And with the completely redesigned version of the Transit Connect Wagon that's slated to arrive later this year, for the 2014 model year, Ford should get much closer to covering all those passenger- and family-oriented bases. This 2014 Ford Transit Connect Wagon is dressed up for family duty in a way that it hasn't before; and with a new front-wheel-drive platform and new engines (either a 2.5-liter four-cylinder or a 1.6-liter EcoBoost turbo four) and a six-speed automatic transmission, it's going to be much more responsive than the previous model, yet also more refined and more fuel-efficient. This passenger version also has three rows of seating, with a sliding third row and folding second and third rows--plus a choice of a tailgate or hinged cargo doors and up to 2,000 pounds of towing capability.
The outgoing version of the Transit Connect, sold through 2013, has been made in Turkey and sold across Europe since 2003. For a time, it had some unique competition in the Honda Element and the Chevrolet HHR panel wagon--both of which were cancelled for the 2012 model year.

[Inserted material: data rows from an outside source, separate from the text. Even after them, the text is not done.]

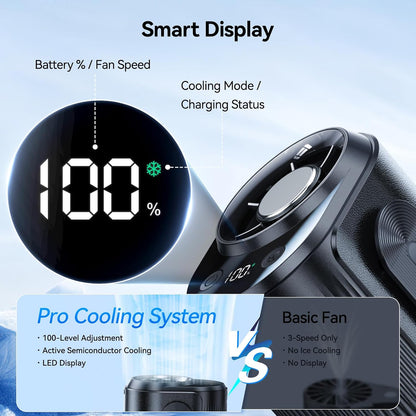 KIMMOO Portable Cool Clip Waist Fan with Ice Cooler,100-Speed, Rechargeable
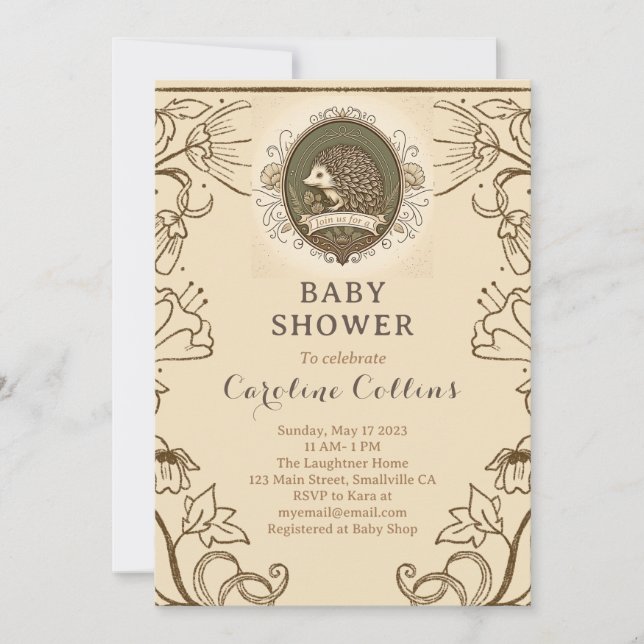 Convites Woodland Hedgehog Boys Storybook Chá de fraldas (Frente)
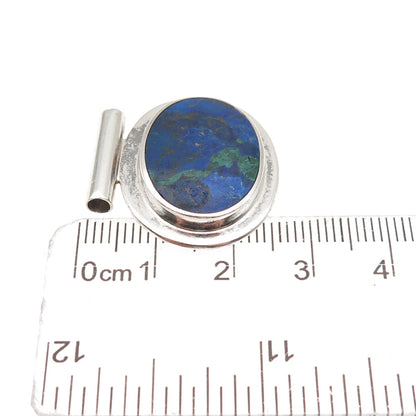 925 Sterling Silver Vintage Real Azurite Modernist Oxidized Slide Pendant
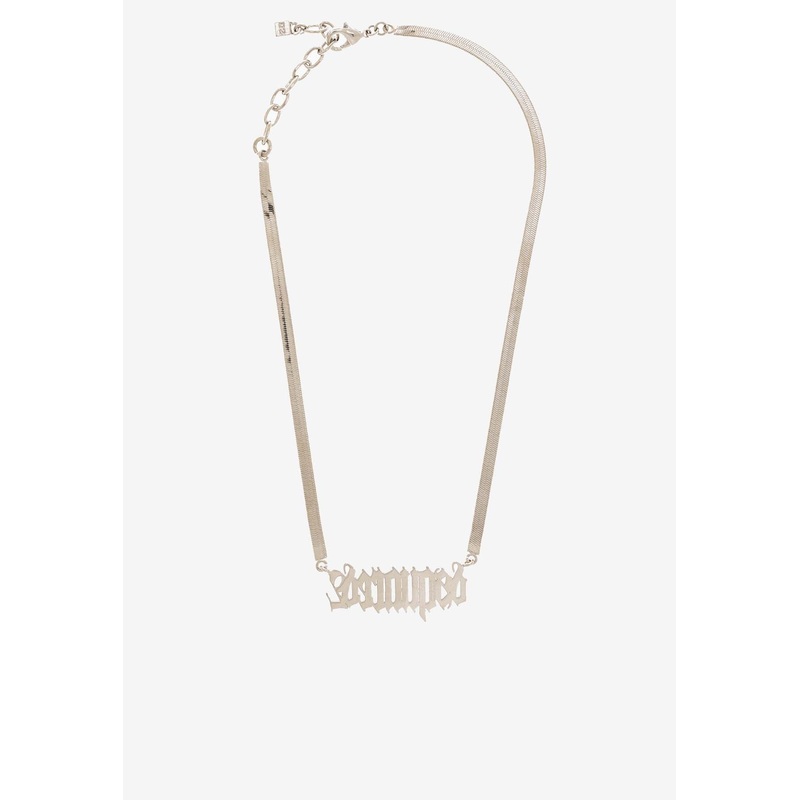 Herringbone-Chain Necklace with Logo-Plaque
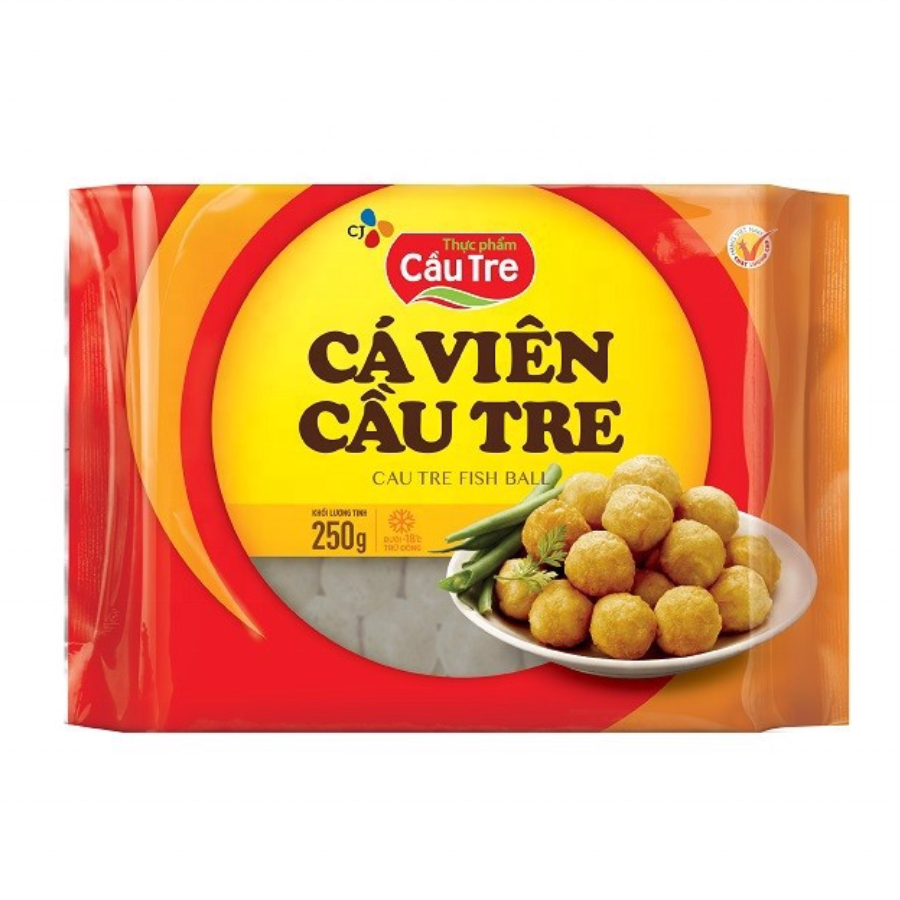Замороженный шарик Cau Tre Fish Ball 250 г по низкой цене, без консервантов, безопасный для потребителей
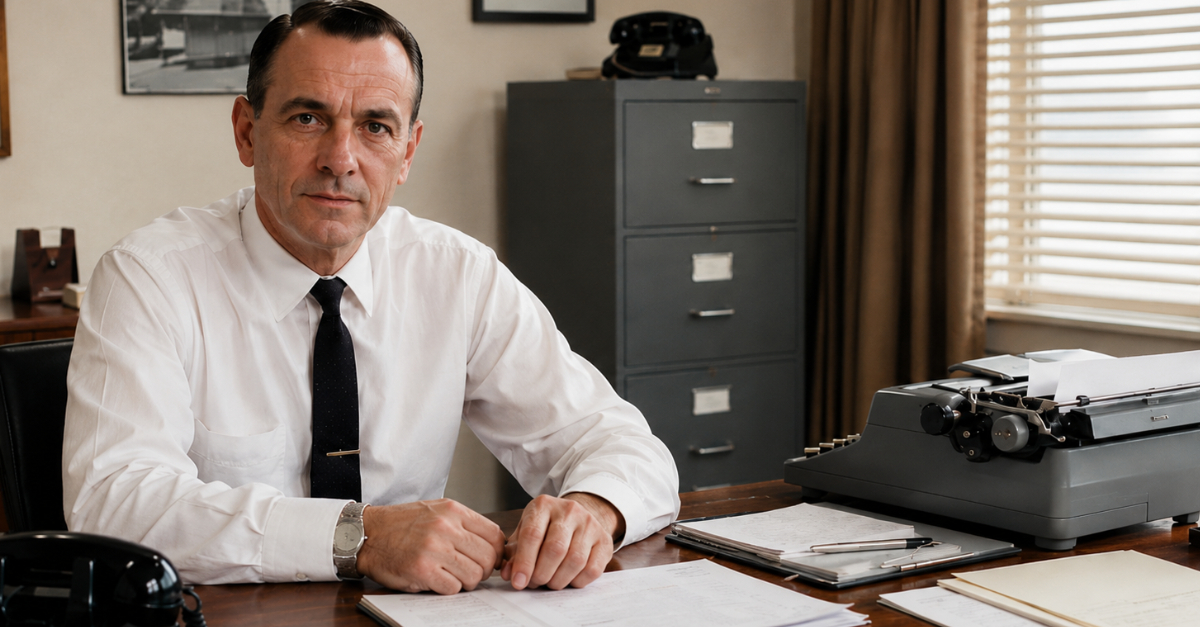 Man at desk in 1960s office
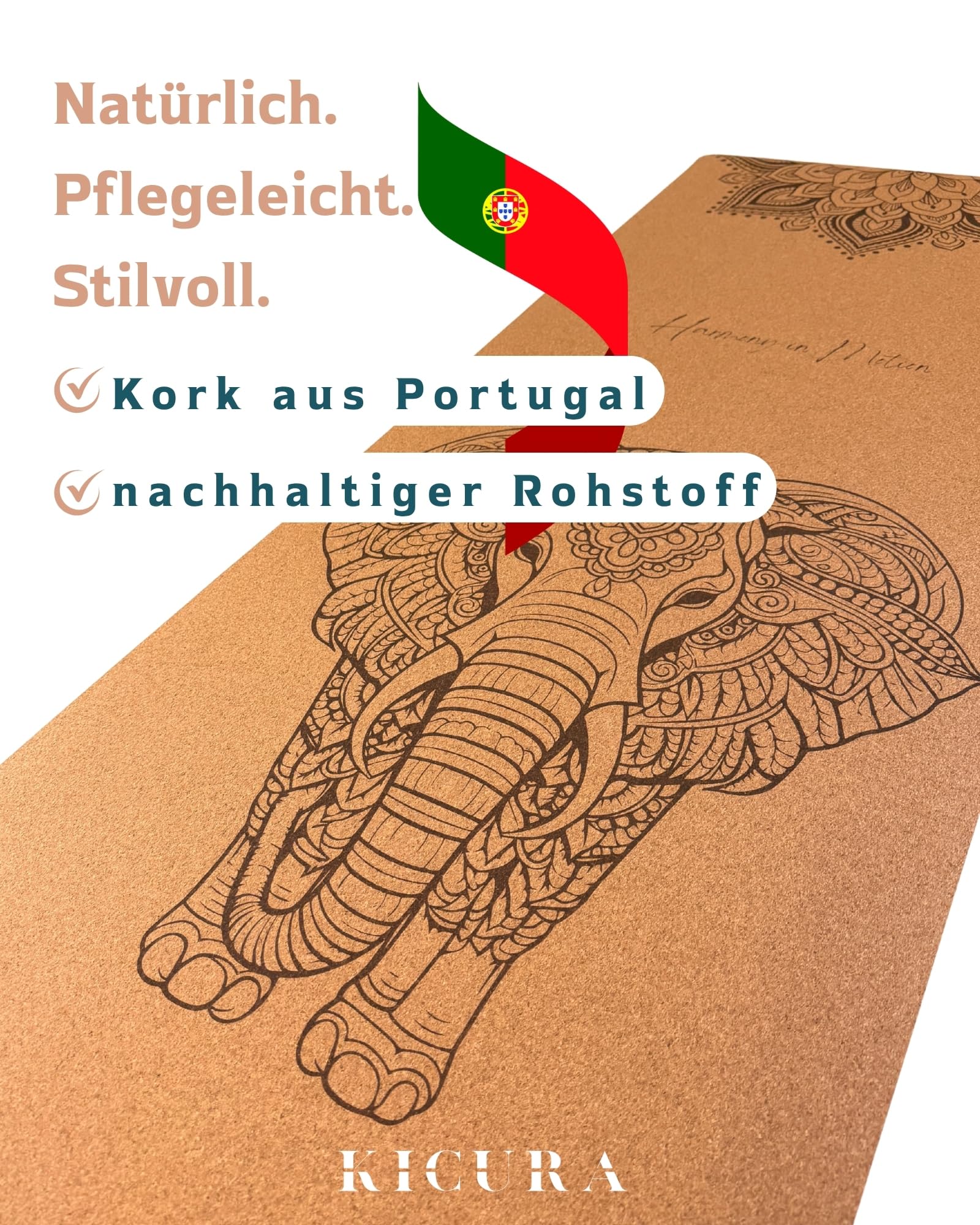 Yoga-Matte aus Kork & Naturkautschuk mit Elefanten-Mandala – rutschfeste Premium-Matte, 4 mm dick, mit Tragegurt, in 3 Größen
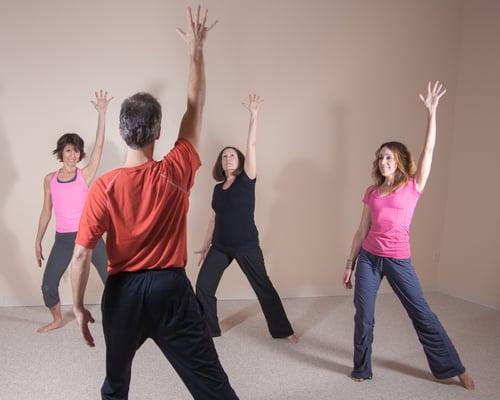 Yoga Moves combines yoga postures, dance, and uptempo music.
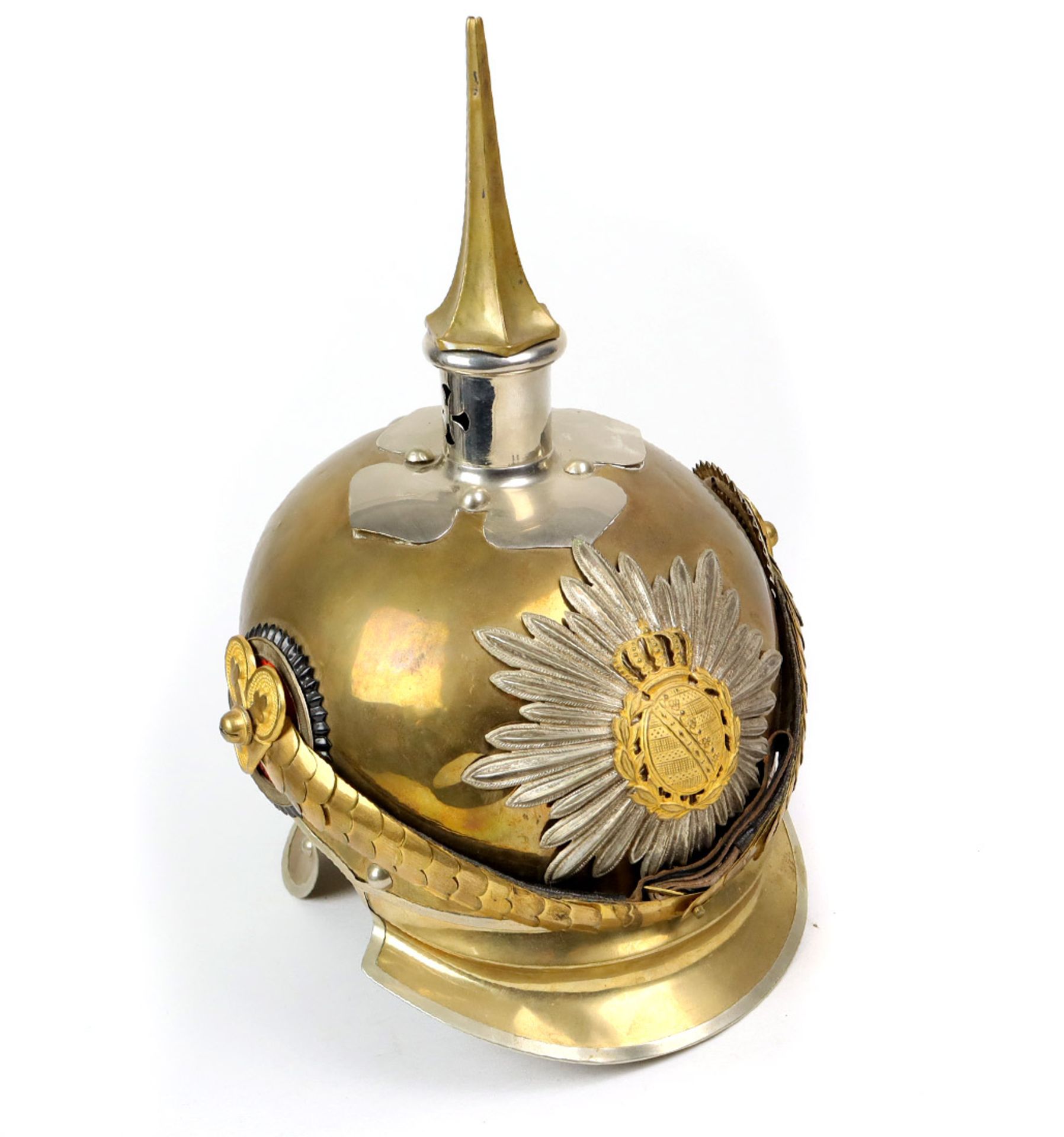 Pickelhaube SachsenMessinghelm mit geschwungenem Nacken- u. gestuftem Augenschirm, diese mit - Image 2 of 8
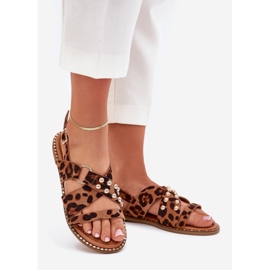 Boto Flat -hanterade kvinnosandaler med Golden Taps Leopardtryck brun 1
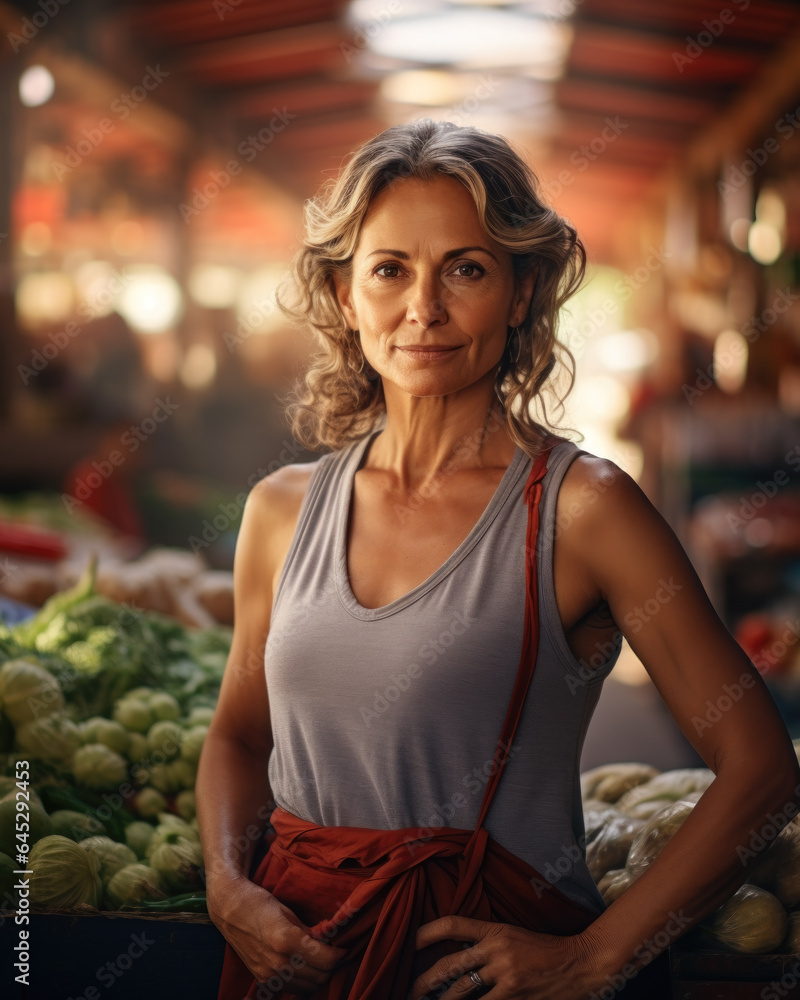 woman traveling alone in local market woman traveling alone in local market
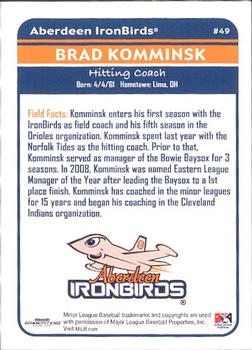 2012 Grandstand Aberdeen IronBirds #18 Brad Komminsk Back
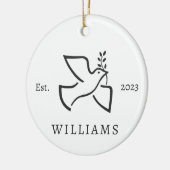 Gepersonaliseerde Peace Dove Kerstvakantie Keramisch Ornament (Links)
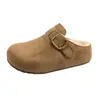 Zapatos tipo Birkenstock con suela gruesa y tacón oculto con pantuflas medias de felpa de punta cerrada para mujer, para usar al aire libre, nuevo estilo 2026, pantuflas de algodón con pelo retro para otoño/invierno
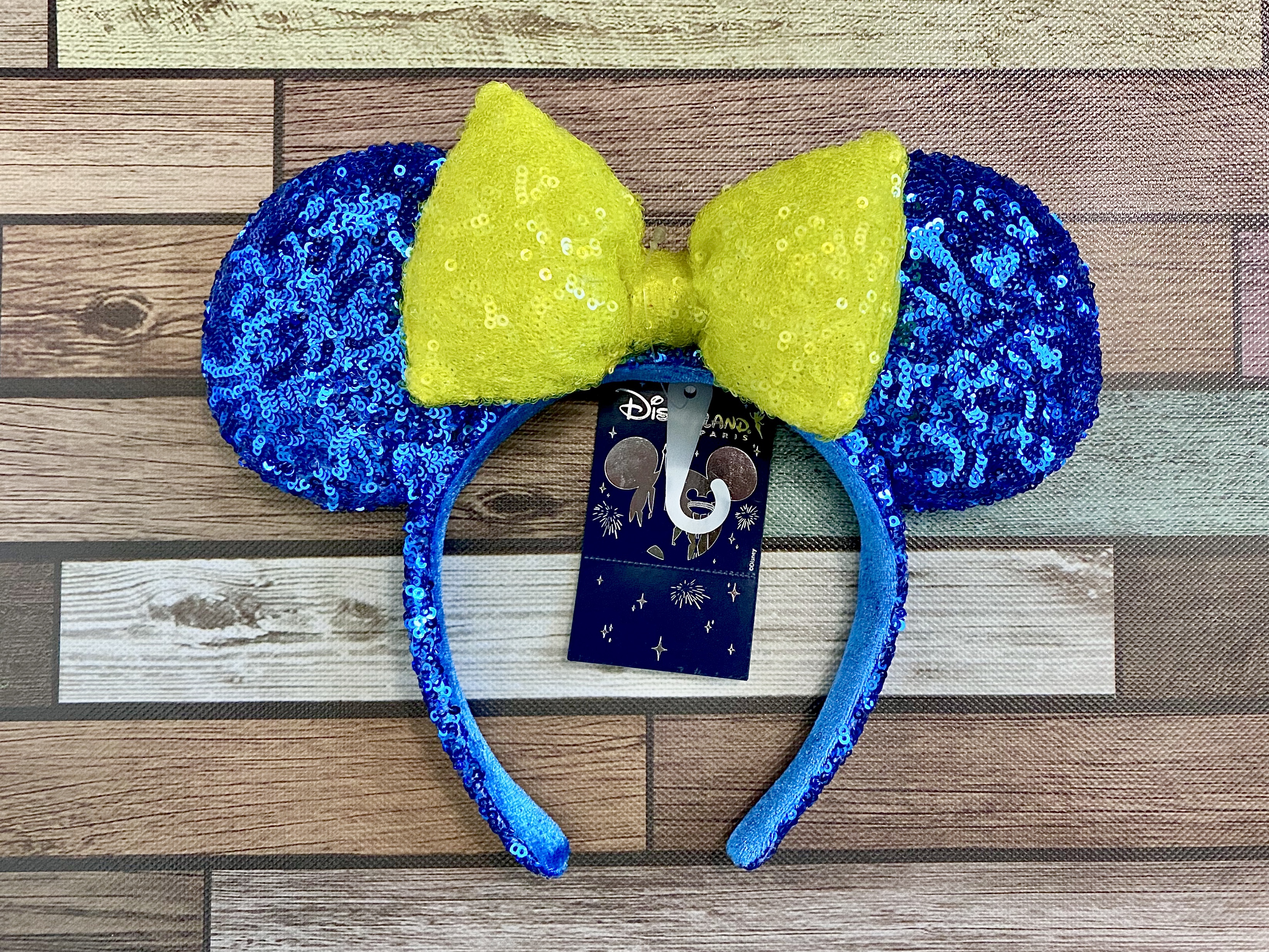 NWT Disney Parks Mickey Ears Lemon Blue and Yellow​​​​​​ Blue Tang Fish Mouse Ears With Bow | Yellow Blue Sequin  main image 3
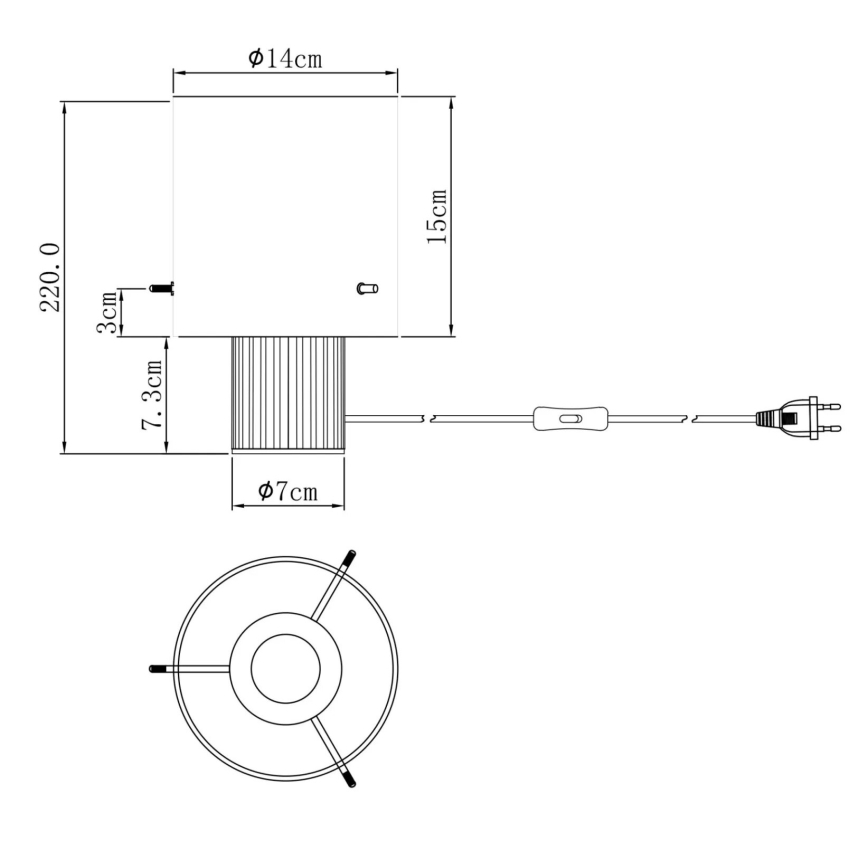 Globo - Stolna lampa 1xE27/40W/230V pr. 14 cm siva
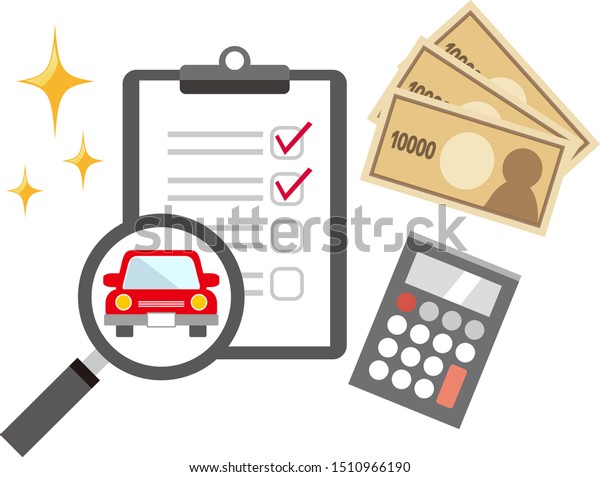 Illustration of car sales assessment.Magnifying\
glass. Car illustration. Car assessment . Binder .\
Clipboard .\
calculator .\
money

This Transit Connect arrived to the U.S. with a single powertrain; it's powered by a 136-horsepower, 2.0-liter four-cylinder engine teamed with a four-speed automatic transmission. As you might expect, acceleration is leisurely with the combination, but fuel economy is an estimated 21/27 mpg. The front-drive van isn't a tedious handler, though--its steering is reasonably quick and the ride quality occupies a good middle ground of firmness.
With its hauling duties dictating its proportions inside and out, the Transit Connect's no looker. It's plain and transparently boxy--in some circles, a good thing--but lacks all the design verve you'll see in the details of a Honda Element. The TC's interior has the most fusty design cues and materials; it's like 1994 all over again, what with the van's hard plastic pieces and oddly integrated bits, like the electric window switches between the seats, instead of on the doors.
Still, with its vertical expanses and the side-hinged doors at the back, the Transit Connect is a useful, flexible option for small businesses and private uses. It's remarkably wide inside, and the windshield is very tall. There's even a shelf above front passengers' foreheads, where no doubt you'll lose pens, bank deposit slips, and other errata--it's that expansive.
Commercial versions come with just front seats, by the way. To avoid a 25-percent tax on each one imported into the U.S., Ford builds all Transit Connects headed here as five-seat wagons--then removes, shreds and recycles the rear seats in 80 percent of them at a port facility on the East Coast. It's a clever dodge around an antiquated rule, but a waste of materials and time all the same. The tax is the same one that prevents foreign-assembled pickup trucks from being inexpensively imported into the U.S.
Ford has previously offered an all-electric Transit Connect with a driving range of 70 to 100 miles, and a recharging time of 6 to 8 hours, but bankruptcy of the conversion company in 2012 sealed this model's place as a small blip in electric-vehicle history. Ford also sells versions prepped to run on CNG or propane, and markets a model built specifically for taxi use.